Partnerships and Procurement Are Not the Answer
The latest Federal Computer Week magazine features an article titled Cyber warfare: Sound the alarm or move ahead in stride? I'd like to highlight a few excerpts.
Military leaders and analysts say evolving cyber threats will require the Defense Department to work more closely with experts in industry...

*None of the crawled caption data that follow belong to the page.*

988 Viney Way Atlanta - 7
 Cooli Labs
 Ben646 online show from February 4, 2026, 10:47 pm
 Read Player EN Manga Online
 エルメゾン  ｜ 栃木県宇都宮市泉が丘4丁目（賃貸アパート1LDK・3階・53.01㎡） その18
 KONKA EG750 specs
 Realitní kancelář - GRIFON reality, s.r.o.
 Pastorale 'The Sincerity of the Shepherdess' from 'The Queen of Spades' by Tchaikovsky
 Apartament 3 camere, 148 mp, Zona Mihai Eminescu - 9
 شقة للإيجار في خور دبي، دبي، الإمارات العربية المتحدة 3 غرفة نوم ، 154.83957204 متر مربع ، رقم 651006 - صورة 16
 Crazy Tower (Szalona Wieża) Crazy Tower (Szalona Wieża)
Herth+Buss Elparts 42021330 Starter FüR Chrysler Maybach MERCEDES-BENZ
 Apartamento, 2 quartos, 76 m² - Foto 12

Indeed, the Pentagon must ultimately change its culture, say independent analysts and military personnel alike. It must create a collaborative environment in which military, civilian government and, yes, even the commercial players can work together to determine and shape a battle plan against cyber threats...
Ok, that sounds nice. Everyone wants to foster collaboration and communication. Join hands and sing!
“Government may be a late adopter, but we should be exploiting its procurement power,” said Melissa Hathaway, former acting senior director for cyberspace for the Obama administration, at the ArcSight conference in Washington last month...
Hmm, "procurement power." This indicates to me that technology is the answer?
Although one analyst praised the efforts to make organizational changes at DOD, he also stressed the need to give industry more freedom. “The real issue is a lack of preparedness and defensive posture at DOD,” said Richard Stiennon, chief research analyst at independent research firm IT-Harvest and author of the forthcoming book "Surviving Cyber War."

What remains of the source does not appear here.